She's anything you want her to be.


----------



## KyDawg (Aug 6, 2013)

We wont know about the talent level of this team until the season starts. Individual talent looks like it might be there. Individual talent does not necessarily mean team talent. Hapyy Birthday Chief.


----------



## Horns (Aug 6, 2013)

Talent is one thing but using the talent to win is another. This is a young defense. I do not think UGA is ready to run off Richt.


----------



## KyDawg (Aug 6, 2013)

Thank you. That is what I was trying to say, but used too many words.


----------



## Silver Britches (Aug 6, 2013)

rex upshaw said:


> Is she Hispanic?



She's Herspanic, and I don't discriminate against hot chicks! 

Yes, this is a very talented team, I will support Richt no matter what happens. UGA and Georgia fans better be glad we got such a fine coach. I truly believe in the man!

As for how we will do this year; I really feel good about our chances to win it all. Got a lot of young talent that has been showing out in practice. Hearing about a lot of speed on both sides of the ball. 

Plus, not hearing about any trouble. Gotta love that!

GO DAWGS!


----------



## ChasinTails (Aug 7, 2013)

brownceluse said:


> Not sure how you got that from this thread?
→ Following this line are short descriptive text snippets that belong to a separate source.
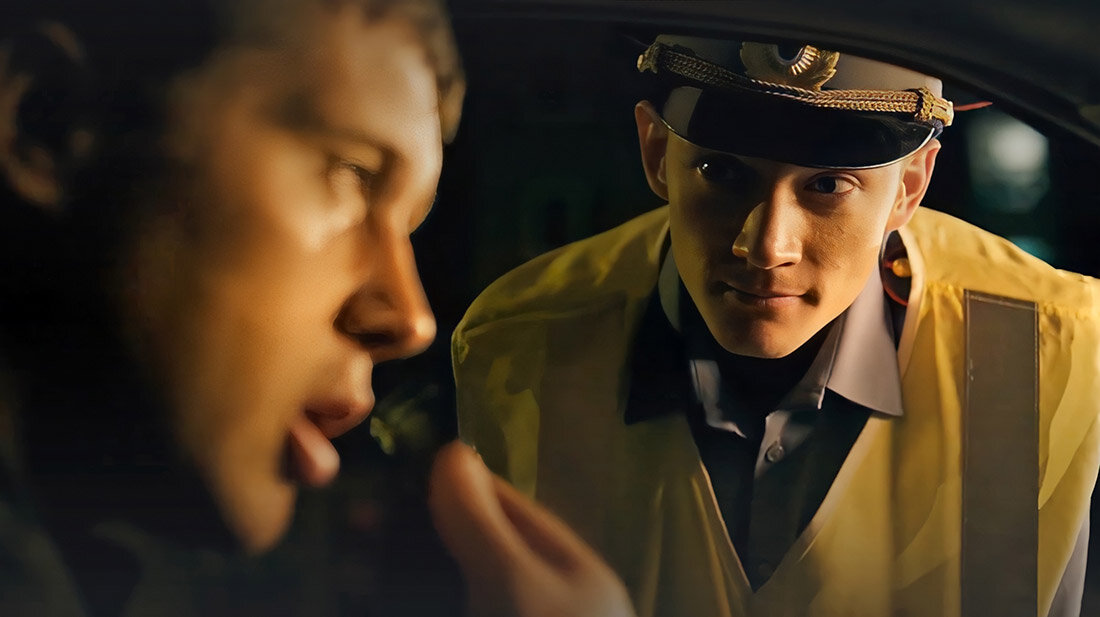 «Все и сразу»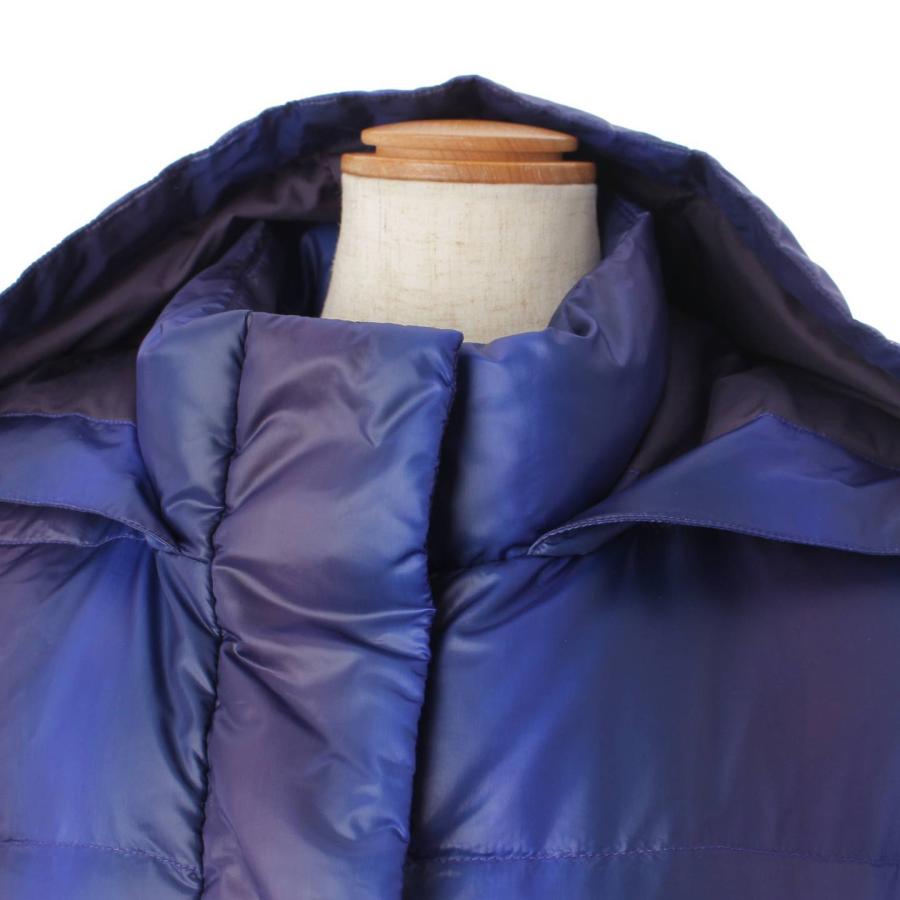 PLEATS PLEASE ISSEY MIYAKE 【プリーツプリーズ イッセイミヤケ 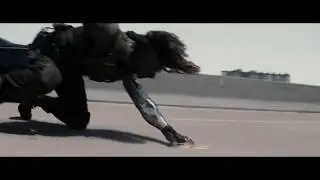 Winter Soldier 2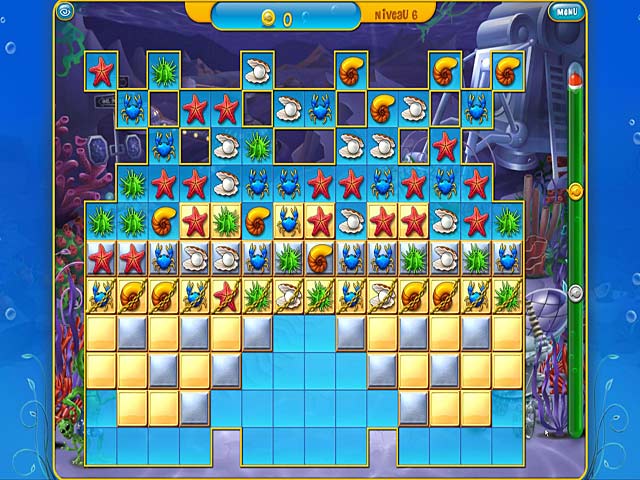 screen1.jpg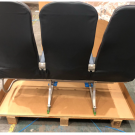 o250679_aircraft-seats_airbus-a320-family_safran_3134-series-006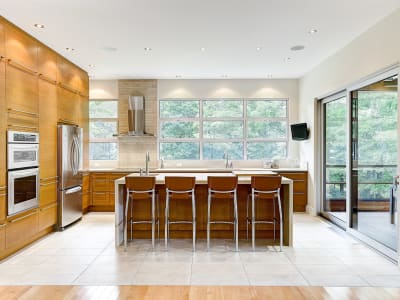 Luxury estate at 380 de la Mitis, Bromont — photo 4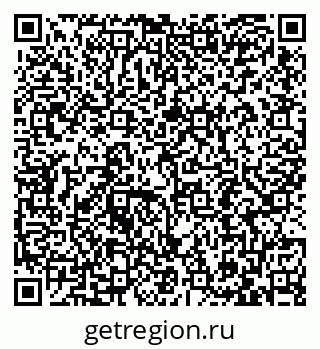 79087796290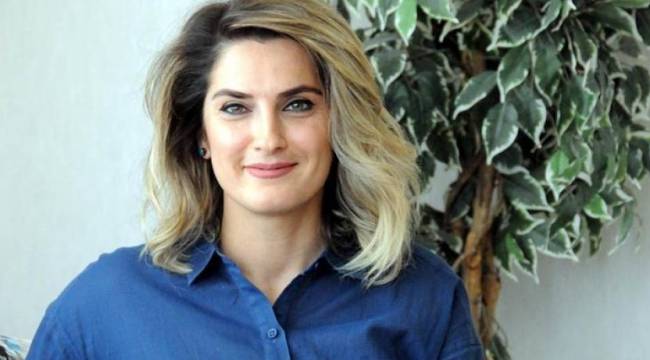 Kendini Başak Demirtaş olarak tanıtıp cezaevini aradı: 'Kaza geçirdik, büyük kızımız ağır yaralı'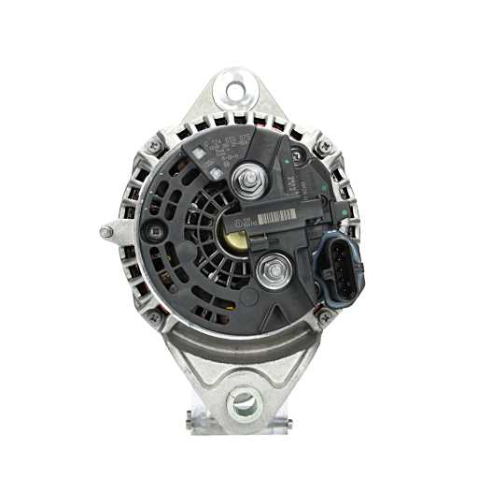 Generator 24V 150A OE Bosch/SEG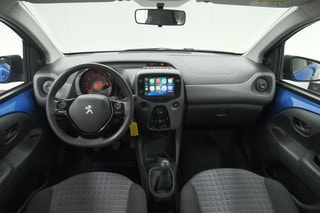 Thumbnail Mobil 2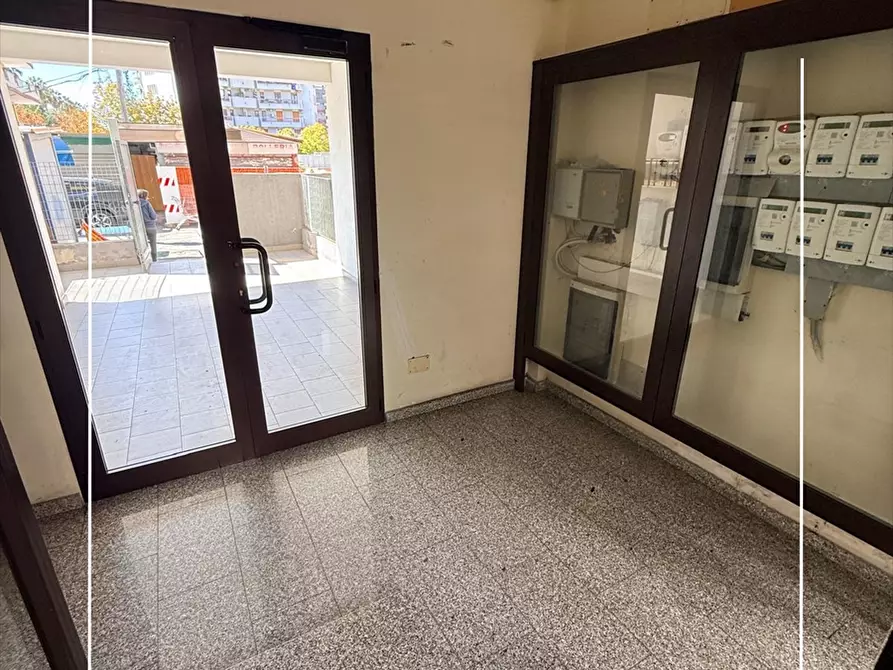 Immagine 5 di Appartamento in vendita  in via toscana47  a Taranto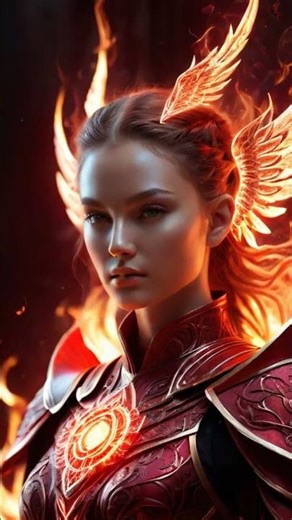 The Crimson Sigil: Exile of the Watchers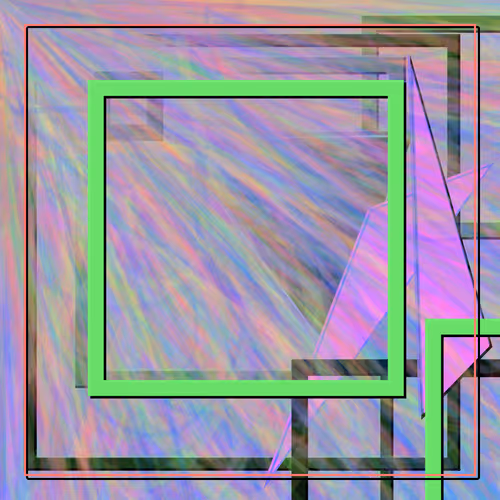 Item #127000436 Media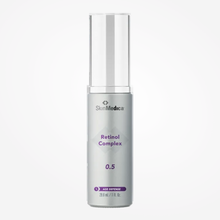 SkinMedica Retinol Complex 0.5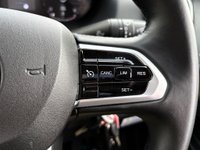 USED 2024 24 MALIBU DIVERSITY 640 LE K GT Skyview - 4 Belts - 2 Berth - End Singles - Part Ex Welcome ONE OWNER/AUTO/LEATHER SEATS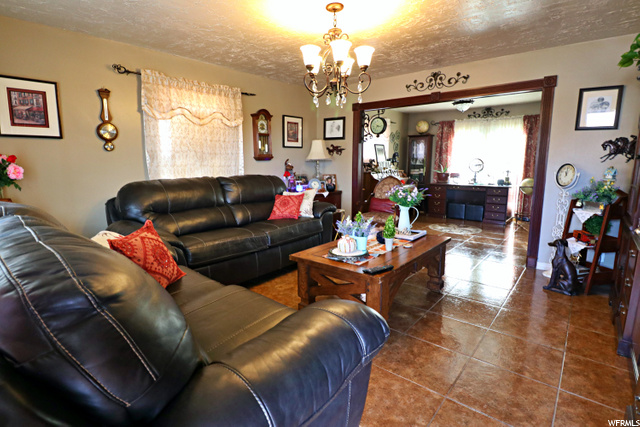 739 2nd St, Ogden, UT 84404 — photo 11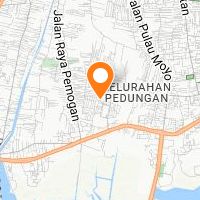 Data Sekolah dan Profil Lengkap SD KARTIKA VII-3 DENPASAR (50105466) Kec. Denpasar Selatan Kota Denpasar Bali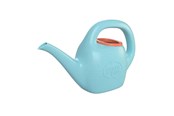 Utendørsleker - Green Toys Watering Can - GTWTCS1870
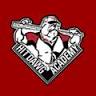 Hit Dawg Academy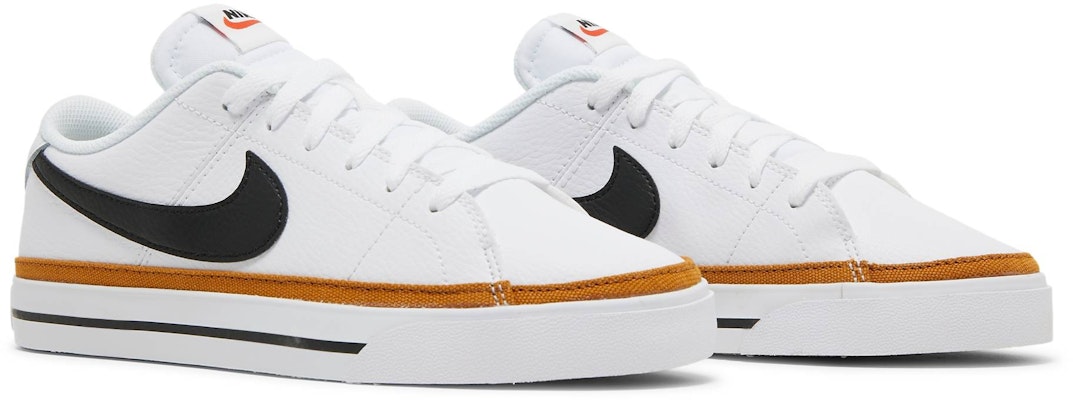 (女士)Nike Court Legacy '白色沙漠赭石' CU4149-102 Cheap (女士)Nike Court Legacy '白色沙漠赭石' CU4149-102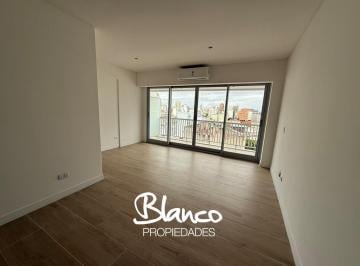 Departamento · 39m² · 2 Ambientes · Departamento en Venta en Monserrat, Capital Federal, Buenos Aires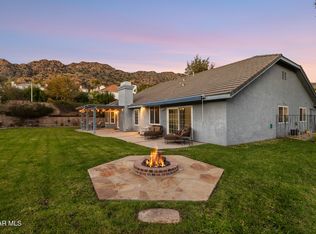 1399 Lafitte Dr, Oak Park, CA 91377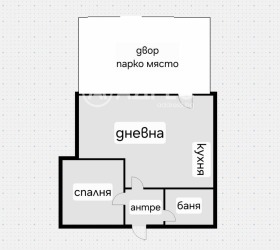 ������� 2-����� | Imot.bg � ����� ������ 4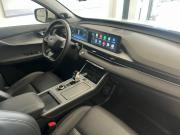 Chery Tiggo 7 Pro Max I Ярославль  - изображение 29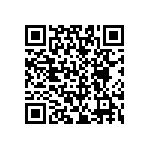 TV06RQW-19-18SA QRCode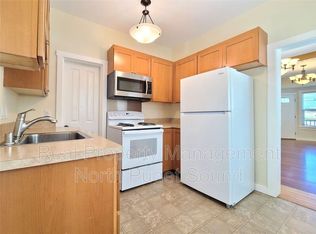 3212 Rucker Ave, Everett, WA 98201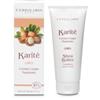 L'ERBOLARIO CREMA CORPO NUTRIENTE KARITÉ L'ERBOLARIO 200ML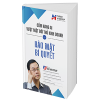 Ứng dụng AI BẢO MẬT BÍ QUYẾT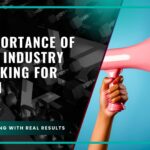 The Importance of Fitness Industry Networking for Growth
The op was talking about National championships and sec titles.


----------



## ChasinTails (Aug 7, 2013)

But to be more specific:

UGA fans need to take a lesson from UT fans.  We were pretty spoiled for awhile with the success of the 90s and early 2000s. And especially the 98 national championship. The fan base became divided after a 2005 5-6 record after going 10-3 in 04. Some say the game had passed Fulmer and his best years were behind him. But in 06 we finished 9-4 and then in 07 we went 10-4 losing to LSU 21-14 in the SECCG . It seemed Fulmer was back,  while others felt it was because of David Cutcliff back as OC. Well cut left and Fulmer hired his new OC Clawson. It was said he would need 2 years to install his offense.  That year we finished 5-7 and Fulmer was forced to retire. Since then the rest is history.  Lane Kiffin seemed to have us on trackand re-energized, but he left us literally like a thief in the night. Then came a guy named Dooley who no one, except Google knew anything abut him.  We had high hopes for his father's success at UGA. He could only get us to 6-7, 5-7 and 5-7 last year with one of Tennessees best offenses in history. Grant it,  our D coach was the problem last yr.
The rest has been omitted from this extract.